══ Data for this task
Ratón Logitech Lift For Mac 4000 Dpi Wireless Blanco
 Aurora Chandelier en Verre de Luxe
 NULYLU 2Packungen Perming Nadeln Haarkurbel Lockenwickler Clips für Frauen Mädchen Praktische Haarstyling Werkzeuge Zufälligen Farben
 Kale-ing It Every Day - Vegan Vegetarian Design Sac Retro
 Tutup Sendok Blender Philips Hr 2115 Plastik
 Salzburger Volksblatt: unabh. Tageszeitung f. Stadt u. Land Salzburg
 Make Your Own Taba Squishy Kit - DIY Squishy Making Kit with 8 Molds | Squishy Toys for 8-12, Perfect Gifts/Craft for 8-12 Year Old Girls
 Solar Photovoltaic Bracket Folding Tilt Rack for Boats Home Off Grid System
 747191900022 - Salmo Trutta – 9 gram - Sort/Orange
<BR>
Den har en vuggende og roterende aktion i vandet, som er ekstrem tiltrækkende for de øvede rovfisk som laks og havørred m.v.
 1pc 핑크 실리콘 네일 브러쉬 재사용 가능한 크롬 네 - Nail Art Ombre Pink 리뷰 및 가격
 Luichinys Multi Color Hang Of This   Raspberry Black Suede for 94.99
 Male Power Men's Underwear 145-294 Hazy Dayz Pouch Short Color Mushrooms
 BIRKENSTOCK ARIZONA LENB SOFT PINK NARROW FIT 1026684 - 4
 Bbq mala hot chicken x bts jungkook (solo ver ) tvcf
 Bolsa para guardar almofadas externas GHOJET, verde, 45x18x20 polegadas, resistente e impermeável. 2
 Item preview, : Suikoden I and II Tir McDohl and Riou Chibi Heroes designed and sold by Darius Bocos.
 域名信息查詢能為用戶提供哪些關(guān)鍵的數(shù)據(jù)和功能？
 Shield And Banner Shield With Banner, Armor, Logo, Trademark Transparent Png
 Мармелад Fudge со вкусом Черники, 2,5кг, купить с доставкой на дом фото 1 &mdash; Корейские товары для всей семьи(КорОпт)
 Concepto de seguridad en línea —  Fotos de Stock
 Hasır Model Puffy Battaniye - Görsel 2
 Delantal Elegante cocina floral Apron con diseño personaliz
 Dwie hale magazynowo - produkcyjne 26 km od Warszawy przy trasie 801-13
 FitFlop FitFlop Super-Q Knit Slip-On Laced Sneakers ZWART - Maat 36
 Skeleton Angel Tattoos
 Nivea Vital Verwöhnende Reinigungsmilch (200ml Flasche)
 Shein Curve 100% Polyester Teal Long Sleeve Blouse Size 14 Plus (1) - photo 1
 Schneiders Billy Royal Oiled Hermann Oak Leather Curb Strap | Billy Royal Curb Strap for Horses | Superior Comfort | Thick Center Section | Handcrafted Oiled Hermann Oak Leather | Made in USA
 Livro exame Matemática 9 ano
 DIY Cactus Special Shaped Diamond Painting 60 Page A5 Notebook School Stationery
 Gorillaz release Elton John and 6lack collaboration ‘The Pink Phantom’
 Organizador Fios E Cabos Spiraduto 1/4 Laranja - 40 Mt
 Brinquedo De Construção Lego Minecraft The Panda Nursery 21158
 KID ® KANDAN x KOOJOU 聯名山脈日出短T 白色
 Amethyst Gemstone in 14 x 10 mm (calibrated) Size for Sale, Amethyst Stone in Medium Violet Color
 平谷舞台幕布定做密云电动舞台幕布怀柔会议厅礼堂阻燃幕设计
════
> [What is needed]: For this exercise, copy every line of the data that holds "Size".

> [Result of the task]:
 Shein Curve 100% Polyester Teal Long Sleeve Blouse Size 14 Plus (1) - photo 1
 Amethyst Gemstone in 14 x 10 mm (calibrated) Size for Sale, Amethyst Stone in Medium Violet Color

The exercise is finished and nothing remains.